Waiting Station and Gothic Gate (1885)

Crown Hill Cemetery’s original main entrance stood on what is now Dr. Martin Luther King, Jr. Street. Built by John Pattison at a cost of $2,300, it consisted of a main central gate flanked by two narrower gates. It was opened on July 30, 1864, and razed in 1901.

Its replacement, which stood at the southwest corner of the cemetery, featured a Bedford limestone archway designed by Indianapolis architect Herbert Foltz. This entrance was closed in 1965 and demolished the following year due to the construction of nearby I-65 Interstate Highway.

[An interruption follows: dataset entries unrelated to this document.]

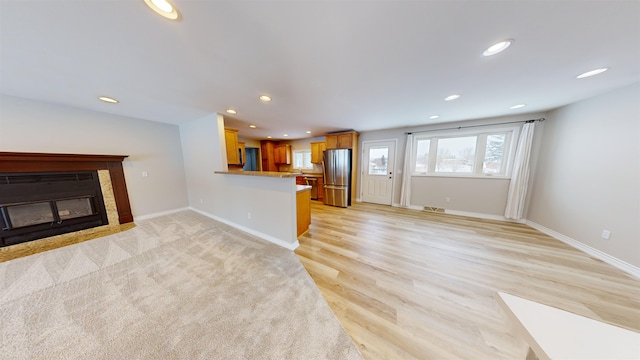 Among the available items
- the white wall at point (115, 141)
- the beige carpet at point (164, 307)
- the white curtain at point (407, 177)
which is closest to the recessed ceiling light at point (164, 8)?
the beige carpet at point (164, 307)

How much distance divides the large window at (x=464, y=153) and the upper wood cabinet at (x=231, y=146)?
421cm

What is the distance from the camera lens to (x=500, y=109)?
285 cm

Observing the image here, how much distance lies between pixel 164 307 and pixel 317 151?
4.26 m

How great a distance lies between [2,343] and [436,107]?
16.4ft

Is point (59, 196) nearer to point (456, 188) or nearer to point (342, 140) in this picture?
point (342, 140)

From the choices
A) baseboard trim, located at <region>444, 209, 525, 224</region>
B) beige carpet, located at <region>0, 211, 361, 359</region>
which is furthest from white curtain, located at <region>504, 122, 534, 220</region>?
beige carpet, located at <region>0, 211, 361, 359</region>

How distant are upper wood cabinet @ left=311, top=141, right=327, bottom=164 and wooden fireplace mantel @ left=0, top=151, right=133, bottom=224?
4.00m

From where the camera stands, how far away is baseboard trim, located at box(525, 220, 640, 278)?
6.42 feet

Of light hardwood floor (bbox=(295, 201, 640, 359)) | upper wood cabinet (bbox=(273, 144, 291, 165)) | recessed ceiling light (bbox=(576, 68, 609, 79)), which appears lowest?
light hardwood floor (bbox=(295, 201, 640, 359))

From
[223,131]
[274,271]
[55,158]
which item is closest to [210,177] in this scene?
[223,131]

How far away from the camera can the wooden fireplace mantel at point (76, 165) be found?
235 cm

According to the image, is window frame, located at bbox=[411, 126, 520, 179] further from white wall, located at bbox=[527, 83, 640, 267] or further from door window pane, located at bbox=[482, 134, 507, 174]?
white wall, located at bbox=[527, 83, 640, 267]

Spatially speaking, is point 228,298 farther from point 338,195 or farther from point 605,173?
point 605,173

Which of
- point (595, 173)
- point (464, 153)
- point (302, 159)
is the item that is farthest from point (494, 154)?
point (302, 159) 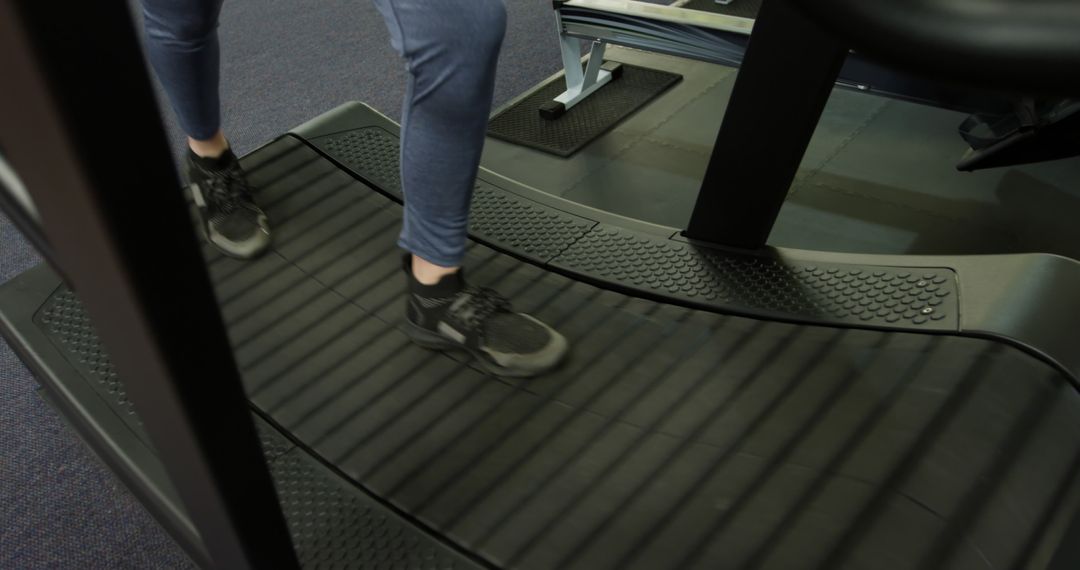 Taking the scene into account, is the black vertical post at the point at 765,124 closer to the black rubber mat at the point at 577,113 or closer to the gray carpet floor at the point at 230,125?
the black rubber mat at the point at 577,113

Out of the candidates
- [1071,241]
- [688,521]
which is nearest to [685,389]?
[688,521]

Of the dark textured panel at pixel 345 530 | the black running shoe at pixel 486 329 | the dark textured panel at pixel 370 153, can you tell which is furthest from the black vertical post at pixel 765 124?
the dark textured panel at pixel 345 530

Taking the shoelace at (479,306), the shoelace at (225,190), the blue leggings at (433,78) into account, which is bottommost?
the shoelace at (225,190)

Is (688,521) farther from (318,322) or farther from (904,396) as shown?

Since 1885, the cemetery’s most impressive entrance has been at the intersection of 34th Street and Boulevard Place. In Crown Hill’s early days, 34th Street was a tree-shaded lane connecting the cemetery to the Westfield Pike (now Illinois Street). The triple arched Gothic Gates and the adjoining Waiting Station Building were designed by Indianapolis architect Adolph Scherrer and completed just in time for the funeral procession of Vice President Thomas A. Hendricks on November 30, 1885. Originally the cemetery’s administrative office, the Waiting Station is a stone-trimmed brick structure with decorative encaustic tile. Its interior is decorated with intricately carved oak and cherry woodwork, and it features wooden venetian blinds, among the first installed in the United States.

Historic Landmarks of Indiana restored the Waiting Station between 1970 and 1971, after which it served as their offices until 1990. The Life Center, a grief counseling organization, used it as a headquarters in the early 1990s. By 1996, the Waiting Station had been returned to Crown Hill’s use and it underwent renewed restoration in 2001.

To the south of the main entrance archway stands a sentry house. This was designed by the architectural firm of Vonnegut and Bohn and added in 1904.